- Activity
Every record has to be written out exactly, with no line missing.

- Input data
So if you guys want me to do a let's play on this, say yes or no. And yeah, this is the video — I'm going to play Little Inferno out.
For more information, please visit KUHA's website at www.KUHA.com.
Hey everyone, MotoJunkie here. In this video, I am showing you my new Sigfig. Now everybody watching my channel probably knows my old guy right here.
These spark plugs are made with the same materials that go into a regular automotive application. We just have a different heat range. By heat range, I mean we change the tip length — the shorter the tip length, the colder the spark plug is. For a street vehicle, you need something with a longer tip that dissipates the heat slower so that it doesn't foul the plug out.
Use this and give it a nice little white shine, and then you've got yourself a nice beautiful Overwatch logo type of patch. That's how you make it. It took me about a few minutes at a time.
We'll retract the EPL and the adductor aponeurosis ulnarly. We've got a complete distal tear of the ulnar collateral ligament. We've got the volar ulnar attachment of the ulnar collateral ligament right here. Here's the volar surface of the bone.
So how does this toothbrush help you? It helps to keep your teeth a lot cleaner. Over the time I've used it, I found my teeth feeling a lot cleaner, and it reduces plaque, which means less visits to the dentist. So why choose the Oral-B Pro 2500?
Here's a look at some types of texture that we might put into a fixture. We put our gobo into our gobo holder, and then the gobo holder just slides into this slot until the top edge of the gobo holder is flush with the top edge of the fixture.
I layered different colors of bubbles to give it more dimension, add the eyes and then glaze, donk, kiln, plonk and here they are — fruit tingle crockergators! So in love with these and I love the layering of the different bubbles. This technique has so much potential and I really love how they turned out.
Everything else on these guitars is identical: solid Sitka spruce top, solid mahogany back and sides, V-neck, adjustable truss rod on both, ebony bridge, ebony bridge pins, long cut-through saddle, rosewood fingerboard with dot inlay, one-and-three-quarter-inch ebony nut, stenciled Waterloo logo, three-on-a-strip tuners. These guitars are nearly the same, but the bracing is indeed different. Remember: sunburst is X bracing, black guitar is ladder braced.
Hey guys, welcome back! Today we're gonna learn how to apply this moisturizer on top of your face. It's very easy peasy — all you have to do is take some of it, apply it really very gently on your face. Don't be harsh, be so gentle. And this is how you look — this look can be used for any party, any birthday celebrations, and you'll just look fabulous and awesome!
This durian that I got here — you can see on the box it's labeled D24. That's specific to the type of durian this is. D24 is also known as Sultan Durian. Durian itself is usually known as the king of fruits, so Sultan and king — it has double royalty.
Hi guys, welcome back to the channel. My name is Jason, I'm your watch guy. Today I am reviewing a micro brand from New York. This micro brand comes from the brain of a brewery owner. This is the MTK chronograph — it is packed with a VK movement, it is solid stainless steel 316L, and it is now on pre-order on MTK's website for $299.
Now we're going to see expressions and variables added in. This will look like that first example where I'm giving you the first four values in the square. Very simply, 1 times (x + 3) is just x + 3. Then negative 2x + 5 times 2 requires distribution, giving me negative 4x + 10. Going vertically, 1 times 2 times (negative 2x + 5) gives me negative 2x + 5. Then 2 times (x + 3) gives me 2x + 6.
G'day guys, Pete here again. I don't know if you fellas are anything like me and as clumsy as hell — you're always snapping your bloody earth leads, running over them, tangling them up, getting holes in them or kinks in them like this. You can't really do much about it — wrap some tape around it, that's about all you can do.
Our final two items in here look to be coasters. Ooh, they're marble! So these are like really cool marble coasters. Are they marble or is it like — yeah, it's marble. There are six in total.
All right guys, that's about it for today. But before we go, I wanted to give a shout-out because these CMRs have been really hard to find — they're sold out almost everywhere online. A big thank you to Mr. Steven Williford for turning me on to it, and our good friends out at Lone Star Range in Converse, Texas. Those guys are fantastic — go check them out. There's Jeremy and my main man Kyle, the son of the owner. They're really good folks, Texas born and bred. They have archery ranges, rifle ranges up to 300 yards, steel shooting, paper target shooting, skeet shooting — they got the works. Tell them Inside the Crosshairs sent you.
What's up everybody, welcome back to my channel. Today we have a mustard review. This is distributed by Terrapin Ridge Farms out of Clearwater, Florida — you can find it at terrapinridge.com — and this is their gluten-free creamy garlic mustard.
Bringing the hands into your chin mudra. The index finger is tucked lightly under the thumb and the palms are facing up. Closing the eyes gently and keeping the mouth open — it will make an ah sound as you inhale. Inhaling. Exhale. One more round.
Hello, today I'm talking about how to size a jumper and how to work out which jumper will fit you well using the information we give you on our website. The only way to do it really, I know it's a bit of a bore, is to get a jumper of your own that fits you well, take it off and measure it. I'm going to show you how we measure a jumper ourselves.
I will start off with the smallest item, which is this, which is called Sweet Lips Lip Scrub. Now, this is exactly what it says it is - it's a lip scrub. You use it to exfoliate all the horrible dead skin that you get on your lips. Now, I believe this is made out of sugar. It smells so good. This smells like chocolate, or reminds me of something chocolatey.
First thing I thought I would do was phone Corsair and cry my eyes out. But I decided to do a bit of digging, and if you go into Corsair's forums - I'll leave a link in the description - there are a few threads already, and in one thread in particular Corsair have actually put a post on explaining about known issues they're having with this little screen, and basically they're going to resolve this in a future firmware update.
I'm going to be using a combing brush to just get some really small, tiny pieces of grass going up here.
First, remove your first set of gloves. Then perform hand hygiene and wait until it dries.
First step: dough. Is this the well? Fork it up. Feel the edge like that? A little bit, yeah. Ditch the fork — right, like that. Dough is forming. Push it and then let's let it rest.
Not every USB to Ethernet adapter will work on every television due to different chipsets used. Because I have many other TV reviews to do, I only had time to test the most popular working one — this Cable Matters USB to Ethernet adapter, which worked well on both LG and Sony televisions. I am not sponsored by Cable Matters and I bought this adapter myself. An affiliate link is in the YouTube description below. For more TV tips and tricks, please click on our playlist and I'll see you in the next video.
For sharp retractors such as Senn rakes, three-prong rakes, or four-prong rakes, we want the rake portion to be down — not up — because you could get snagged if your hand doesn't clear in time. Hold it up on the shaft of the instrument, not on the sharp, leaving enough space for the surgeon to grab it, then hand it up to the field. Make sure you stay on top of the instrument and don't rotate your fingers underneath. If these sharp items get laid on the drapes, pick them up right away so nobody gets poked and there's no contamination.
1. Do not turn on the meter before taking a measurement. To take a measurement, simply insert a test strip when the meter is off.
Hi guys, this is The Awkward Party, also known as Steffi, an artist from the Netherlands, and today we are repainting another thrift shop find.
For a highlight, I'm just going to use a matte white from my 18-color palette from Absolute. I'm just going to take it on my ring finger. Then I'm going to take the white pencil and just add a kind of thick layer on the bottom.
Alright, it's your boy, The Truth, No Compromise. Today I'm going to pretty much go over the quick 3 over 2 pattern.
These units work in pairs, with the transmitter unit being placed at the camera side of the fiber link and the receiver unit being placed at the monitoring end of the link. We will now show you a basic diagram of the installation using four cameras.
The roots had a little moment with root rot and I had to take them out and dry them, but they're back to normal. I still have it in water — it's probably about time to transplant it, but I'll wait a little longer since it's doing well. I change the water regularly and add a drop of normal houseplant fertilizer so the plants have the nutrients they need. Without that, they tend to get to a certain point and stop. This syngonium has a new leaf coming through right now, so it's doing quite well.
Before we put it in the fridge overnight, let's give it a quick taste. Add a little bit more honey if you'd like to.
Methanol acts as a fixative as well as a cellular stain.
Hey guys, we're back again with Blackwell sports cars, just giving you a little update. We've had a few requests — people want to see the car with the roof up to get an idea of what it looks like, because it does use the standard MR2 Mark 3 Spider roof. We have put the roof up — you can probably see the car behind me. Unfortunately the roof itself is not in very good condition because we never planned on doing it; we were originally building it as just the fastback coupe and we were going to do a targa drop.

- Written reply
So if you guys want me to do a let's play on this, say yes or no. And yeah, this is the video — I'm going to play Little Inferno out.
For more information, please visit KUHA's website at www.KUHA.com.
Hey everyone, MotoJunkie here. In this video, I am showing you my new Sigfig. Now everybody watching my channel probably knows my old guy right here.
These spark plugs are made with the same materials that go into a regular automotive application. We just have a different heat range. By heat range, I mean we change the tip length — the shorter the tip length, the colder the spark plug is. For a street vehicle, you need something with a longer tip that dissipates the heat slower so that it doesn't foul the plug out.
Use this and give it a nice little white shine, and then you've got yourself a nice beautiful Overwatch logo type of patch. That's how you make it. It took me about a few minutes at a time.
We'll retract the EPL and the adductor aponeurosis ulnarly. We've got a complete distal tear of the ulnar collateral ligament. We've got the volar ulnar attachment of the ulnar collateral ligament right here. Here's the volar surface of the bone.
So how does this toothbrush help you? It helps to keep your teeth a lot cleaner. Over the time I've used it, I found my teeth feeling a lot cleaner, and it reduces plaque, which means less visits to the dentist. So why choose the Oral-B Pro 2500?
Here's a look at some types of texture that we might put into a fixture. We put our gobo into our gobo holder, and then the gobo holder just slides into this slot until the top edge of the gobo holder is flush with the top edge of the fixture.
I layered different colors of bubbles to give it more dimension, add the eyes and then glaze, donk, kiln, plonk and here they are — fruit tingle crockergators! So in love with these and I love the layering of the different bubbles. This technique has so much potential and I really love how they turned out.
Everything else on these guitars is identical: solid Sitka spruce top, solid mahogany back and sides, V-neck, adjustable truss rod on both, ebony bridge, ebony bridge pins, long cut-through saddle, rosewood fingerboard with dot inlay, one-and-three-quarter-inch ebony nut, stenciled Waterloo logo, three-on-a-strip tuners. These guitars are nearly the same, but the bracing is indeed different. Remember: sunburst is X bracing, black guitar is ladder braced.
Hey guys, welcome back! Today we're gonna learn how to apply this moisturizer on top of your face. It's very easy peasy — all you have to do is take some of it, apply it really very gently on your face. Don't be harsh, be so gentle. And this is how you look — this look can be used for any party, any birthday celebrations, and you'll just look fabulous and awesome!
This durian that I got here — you can see on the box it's labeled D24. That's specific to the type of durian this is. D24 is also known as Sultan Durian. Durian itself is usually known as the king of fruits, so Sultan and king — it has double royalty.
Hi guys, welcome back to the channel. My name is Jason, I'm your watch guy. Today I am reviewing a micro brand from New York. This micro brand comes from the brain of a brewery owner. This is the MTK chronograph — it is packed with a VK movement, it is solid stainless steel 316L, and it is now on pre-order on MTK's website for $299.
Now we're going to see expressions and variables added in. This will look like that first example where I'm giving you the first four values in the square. Very simply, 1 times (x + 3) is just x + 3. Then negative 2x + 5 times 2 requires distribution, giving me negative 4x + 10. Going vertically, 1 times 2 times (negative 2x + 5) gives me negative 2x + 5. Then 2 times (x + 3) gives me 2x + 6.
G'day guys, Pete here again. I don't know if you fellas are anything like me and as clumsy as hell — you're always snapping your bloody earth leads, running over them, tangling them up, getting holes in them or kinks in them like this. You can't really do much about it — wrap some tape around it, that's about all you can do.
Our final two items in here look to be coasters. Ooh, they're marble! So these are like really cool marble coasters. Are they marble or is it like — yeah, it's marble. There are six in total.
All right guys, that's about it for today. But before we go, I wanted to give a shout-out because these CMRs have been really hard to find — they're sold out almost everywhere online. A big thank you to Mr. Steven Williford for turning me on to it, and our good friends out at Lone Star Range in Converse, Texas. Those guys are fantastic — go check them out. There's Jeremy and my main man Kyle, the son of the owner. They're really good folks, Texas born and bred. They have archery ranges, rifle ranges up to 300 yards, steel shooting, paper target shooting, skeet shooting — they got the works. Tell them Inside the Crosshairs sent you.
What's up everybody, welcome back to my channel. Today we have a mustard review. This is distributed by Terrapin Ridge Farms out of Clearwater, Florida — you can find it at terrapinridge.com — and this is their gluten-free creamy garlic mustard.
Bringing the hands into your chin mudra. The index finger is tucked lightly under the thumb and the palms are facing up. Closing the eyes gently and keeping the mouth open — it will make an ah sound as you inhale. Inhaling. Exhale. One more round.
Hello, today I'm talking about how to size a jumper and how to work out which jumper will fit you well using the information we give you on our website. The only way to do it really, I know it's a bit of a bore, is to get a jumper of your own that fits you well, take it off and measure it. I'm going to show you how we measure a jumper ourselves.
I will start off with the smallest item, which is this, which is called Sweet Lips Lip Scrub. Now, this is exactly what it says it is - it's a lip scrub. You use it to exfoliate all the horrible dead skin that you get on your lips. Now, I believe this is made out of sugar. It smells so good. This smells like chocolate, or reminds me of something chocolatey.
First thing I thought I would do was phone Corsair and cry my eyes out. But I decided to do a bit of digging, and if you go into Corsair's forums - I'll leave a link in the description - there are a few threads already, and in one thread in particular Corsair have actually put a post on explaining about known issues they're having with this little screen, and basically they're going to resolve this in a future firmware update.
I'm going to be using a combing brush to just get some really small, tiny pieces of grass going up here.
First, remove your first set of gloves. Then perform hand hygiene and wait until it dries.
First step: dough. Is this the well? Fork it up. Feel the edge like that? A little bit, yeah. Ditch the fork — right, like that. Dough is forming. Push it and then let's let it rest.
Not every USB to Ethernet adapter will work on every television due to different chipsets used. Because I have many other TV reviews to do, I only had time to test the most popular working one — this Cable Matters USB to Ethernet adapter, which worked well on both LG and Sony televisions. I am not sponsored by Cable Matters and I bought this adapter myself. An affiliate link is in the YouTube description below. For more TV tips and tricks, please click on our playlist and I'll see you in the next video.
For sharp retractors such as Senn rakes, three-prong rakes, or four-prong rakes, we want the rake portion to be down — not up — because you could get snagged if your hand doesn't clear in time. Hold it up on the shaft of the instrument, not on the sharp, leaving enough space for the surgeon to grab it, then hand it up to the field. Make sure you stay on top of the instrument and don't rotate your fingers underneath. If these sharp items get laid on the drapes, pick them up right away so nobody gets poked and there's no contamination.
1. Do not turn on the meter before taking a measurement. To take a measurement, simply insert a test strip when the meter is off.
Hi guys, this is The Awkward Party, also known as Steffi, an artist from the Netherlands, and today we are repainting another thrift shop find.
For a highlight, I'm just going to use a matte white from my 18-color palette from Absolute. I'm just going to take it on my ring finger. Then I'm going to take the white pencil and just add a kind of thick layer on the bottom.
Alright, it's your boy, The Truth, No Compromise. Today I'm going to pretty much go over the quick 3 over 2 pattern.
These units work in pairs, with the transmitter unit being placed at the camera side of the fiber link and the receiver unit being placed at the monitoring end of the link. We will now show you a basic diagram of the installation using four cameras.
The roots had a little moment with root rot and I had to take them out and dry them, but they're back to normal. I still have it in water — it's probably about time to transplant it, but I'll wait a little longer since it's doing well. I change the water regularly and add a drop of normal houseplant fertilizer so the plants have the nutrients they need. Without that, they tend to get to a certain point and stop. This syngonium has a new leaf coming through right now, so it's doing quite well.
Before we put it in the fridge overnight, let's give it a quick taste. Add a little bit more honey if you'd like to.
Methanol acts as a fixative as well as a cellular stain.
Hey guys, we're back again with Blackwell sports cars, just giving you a little update. We've had a few requests — people want to see the car with the roof up to get an idea of what it looks like, because it does use the standard MR2 Mark 3 Spider roof. We have put the roof up — you can probably see the car behind me. Unfortunately the roof itself is not in very good condition because we never planned on doing it; we were originally building it as just the fastback coupe and we were going to do a targa drop.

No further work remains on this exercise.